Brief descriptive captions

*** Begin section ***

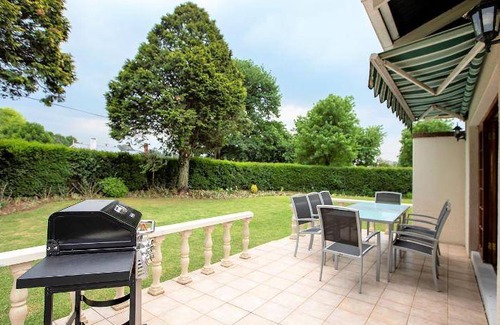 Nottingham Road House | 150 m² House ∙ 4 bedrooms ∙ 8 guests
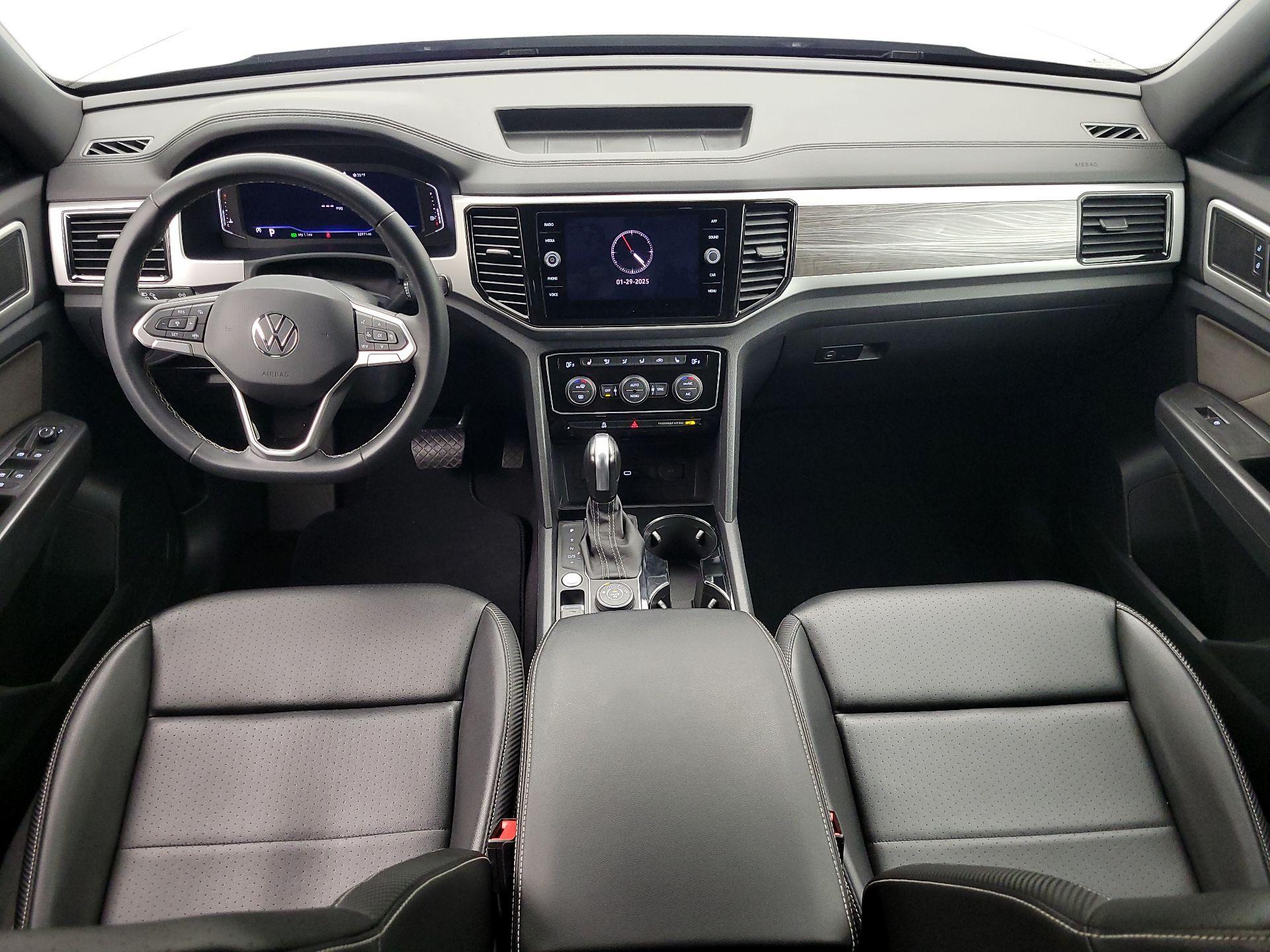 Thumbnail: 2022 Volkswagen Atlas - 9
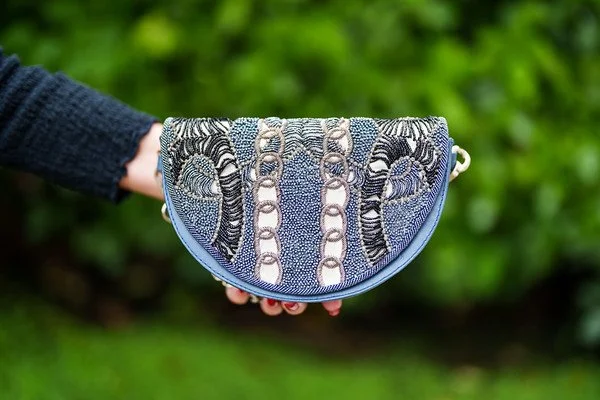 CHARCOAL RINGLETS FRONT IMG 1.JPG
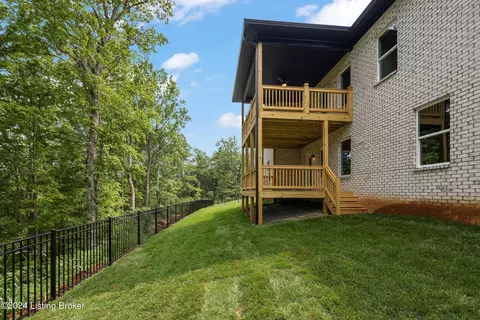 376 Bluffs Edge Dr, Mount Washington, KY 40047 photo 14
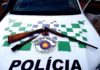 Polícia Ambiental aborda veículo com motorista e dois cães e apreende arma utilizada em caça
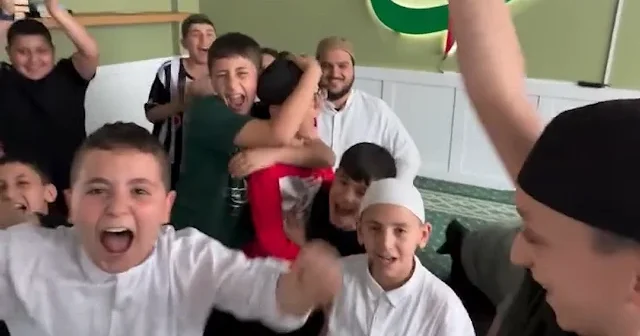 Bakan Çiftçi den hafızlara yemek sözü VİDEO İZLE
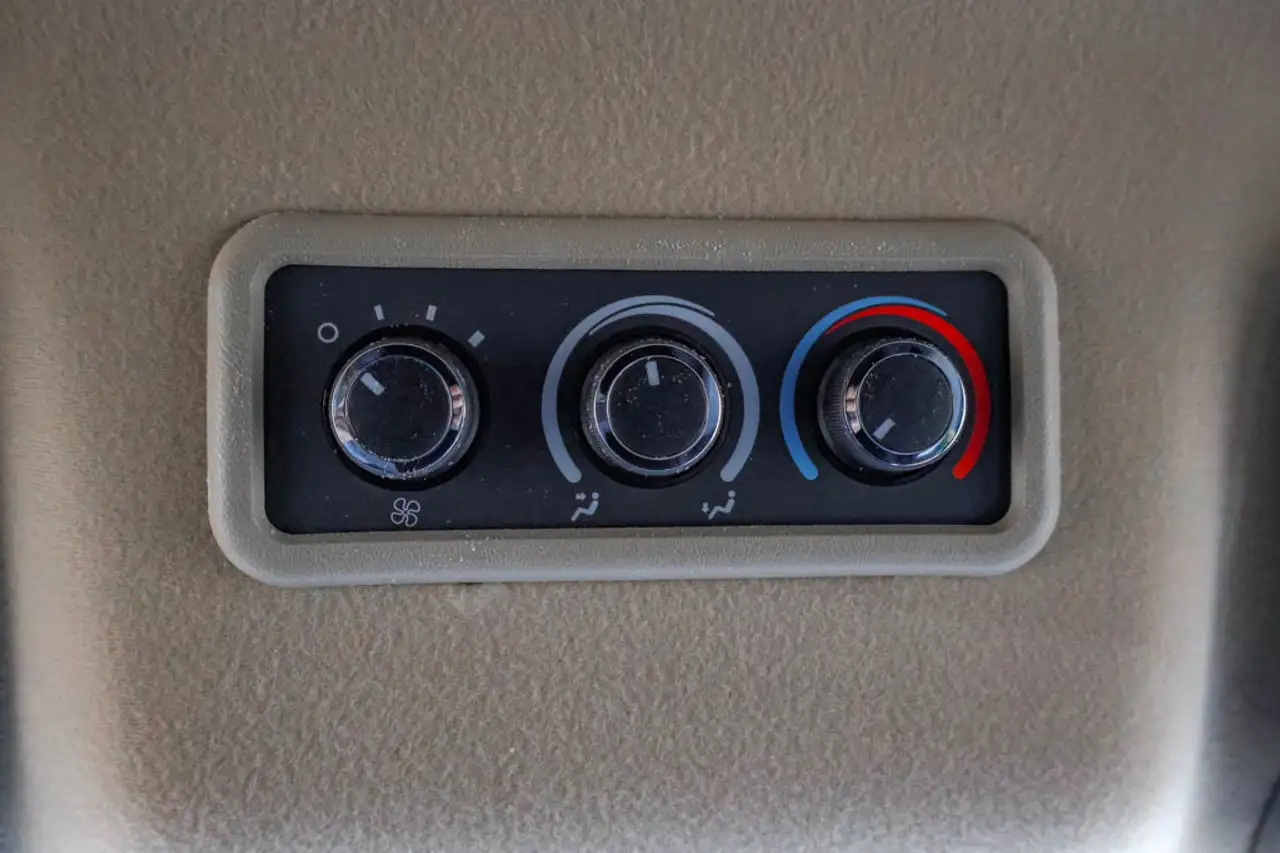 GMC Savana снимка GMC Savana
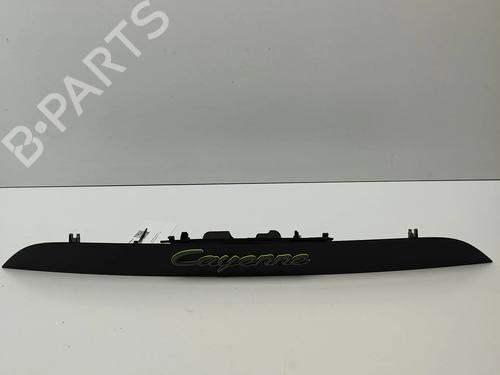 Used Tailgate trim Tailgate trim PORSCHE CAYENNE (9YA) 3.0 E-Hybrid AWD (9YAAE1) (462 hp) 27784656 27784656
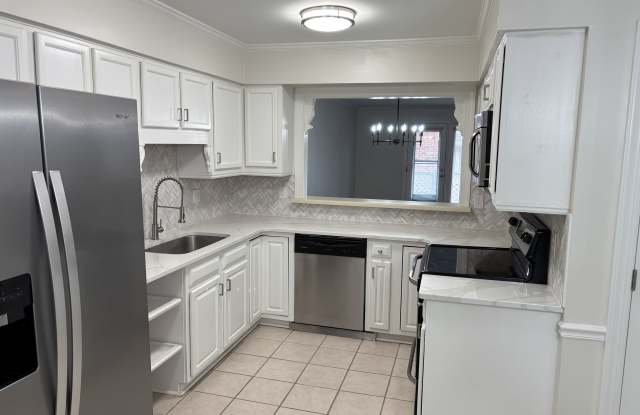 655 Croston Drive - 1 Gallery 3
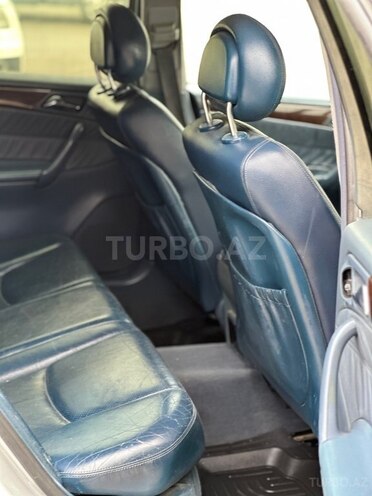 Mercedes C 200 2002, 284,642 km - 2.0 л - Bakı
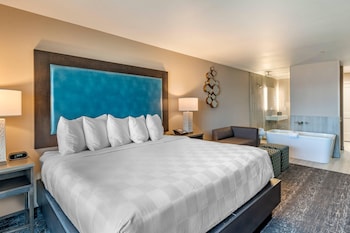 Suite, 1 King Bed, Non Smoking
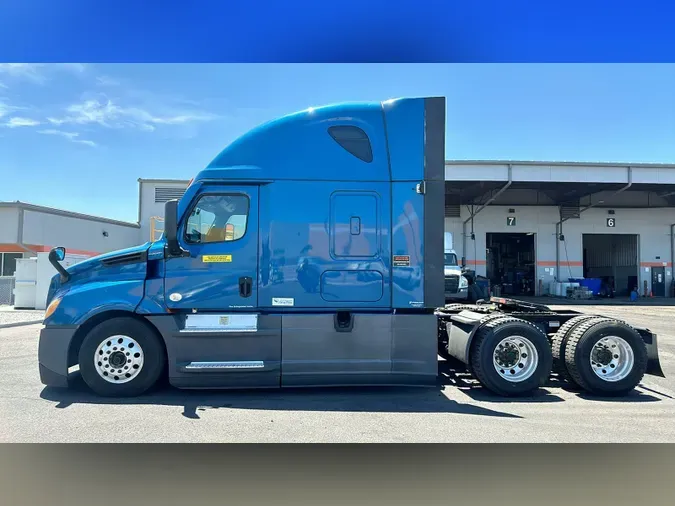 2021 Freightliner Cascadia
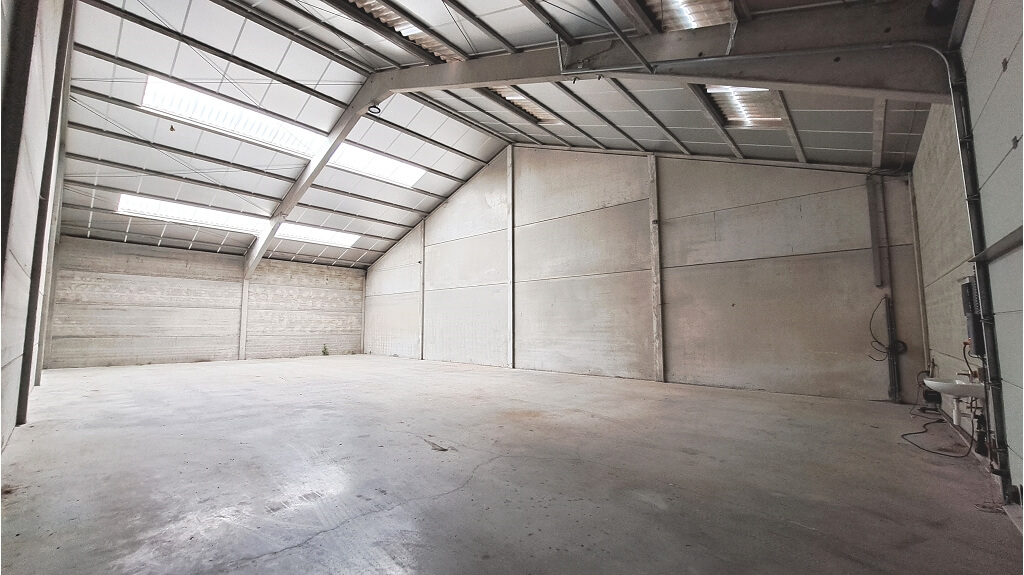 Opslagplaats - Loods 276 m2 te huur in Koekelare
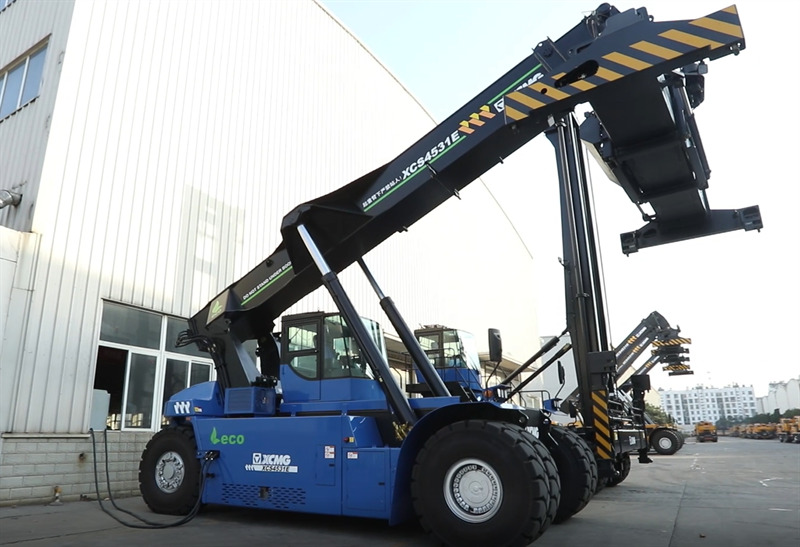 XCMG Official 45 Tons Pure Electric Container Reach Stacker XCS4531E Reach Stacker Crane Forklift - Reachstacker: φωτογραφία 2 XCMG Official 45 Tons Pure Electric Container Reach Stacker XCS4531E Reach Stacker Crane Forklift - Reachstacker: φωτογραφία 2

*** End section ***

What is required: Your answer must be the lines from the line containing "655 Croston Drive - 1 Gallery 3" through the final line of the data, written out exactly, both ends included and pictures left out.

Task solution:
 655 Croston Drive - 1 Gallery 3
 Mercedes C 200 2002, 284,642 km - 2.0 л - Bakı
 Suite, 1 King Bed, Non Smoking
 2021 Freightliner Cascadia
 Opslagplaats - Loods 276 m2 te huur in Koekelare
 XCMG Official 45 Tons Pure Electric Container Reach Stacker XCS4531E Reach Stacker Crane Forklift - Reachstacker: φωτογραφία 2 XCMG Official 45 Tons Pure Electric Container Reach Stacker XCS4531E Reach Stacker Crane Forklift - Reachstacker: φωτογραφία 2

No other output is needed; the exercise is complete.